Chief Judge of the North Carolina Court of Appeals
- In office 1984–1993

Personal details
- Born: Robert Alfred Hedrick August 23, 1922
- Died: July 18, 2009 (aged 86)
- Party: Democratic
- Alma mater: Governor Morehead School University of North Carolina School of Law
- Profession: Lawyer, judge

= Fred Hedrick =

American judge

Robert Alfred "Fred" Hedrick (August 23, 1922 - July 18, 2009) was an American jurist who served for 24 years on the North Carolina Court of Appeals.

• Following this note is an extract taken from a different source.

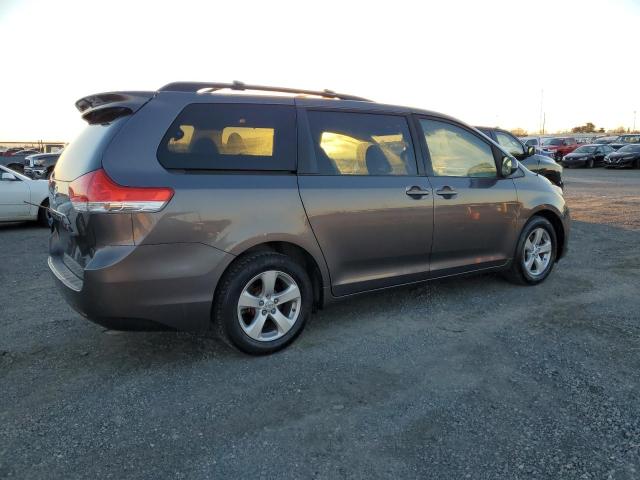 Photo 3 from auction – 2012 TOYOTA SIENNA LE with VIN 5TDKK3DC1CS187730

Blinded at the age of 13, Hedrick graduated from the Governor Morehead School for the blind in 1943. He later graduated from the University of North Carolina School of Law and served as a prosecutor and judge in Iredell County, North Carolina. In 1969, then-governor Bob Scott appointed Hedrick to the state appeals court. He was elected by the voters in 1970 and re-elected several times thereafter. In 1974, he ran for the state supreme court but lost to James G. Exum of the Democratic primary. Hedrick served as chief judge of the Court of Appeals from 1984 until his retirement in 1993.

Hedrick's first female law clerk was Linda Stephens, who later became a judge of the North Carolina Court of Appeals. He also gave her away at her wedding, which was held in Hedrick's chambers.